In IPDA Debate, Martinez and Elroy faced one another in the finals, with Martinez earning first place as well as being named Oklahoma Champion, and Elroy ranking second. Martinez and Elroy tied for second place IPDA speaker, with Griggs earning fourth place.
The Individual Awards sweepstakes, the highest honor a student can achieve, requires competitors to participate in five interpretive events and debate. Elroy won the top prize, with Martinez claiming second place. Both competed in seven events.
Thanks to the success of the Aggies in the individual events and debate, they led the way in the team awards, placing second in team individual events open division and first place in team individual events in Oklahoma, team overall sweepstakes, team debate sweepstakes open division, and team debate sweepstakes in Oklahoma.
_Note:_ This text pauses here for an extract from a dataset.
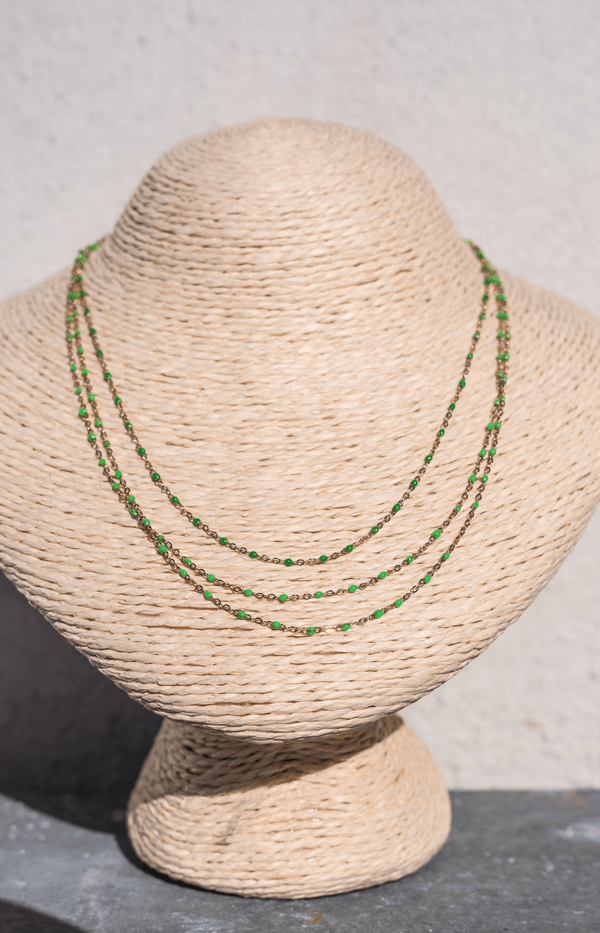 Volange LONG NECKLACE ENAMEL GREEN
Those results culminated in winning the top prize of the tournament, the overall sweepstakes in Oklahoma.
“The pride I have in these four competitors is immense,” says Katie Stringer, director of CU’s forensics team. “Because the state tournament also welcomed teams from outside of Oklahoma, we were able to face competitors from schools that we would not normally see thanks to the virtual format. Certainly, we would love to return to in-person competitions, but competing virtually has in some ways allowed our team members to fine-tune their skills. They have each put in countless hours of preparation, and it’s rewarding to see that their efforts brought such outstanding results.”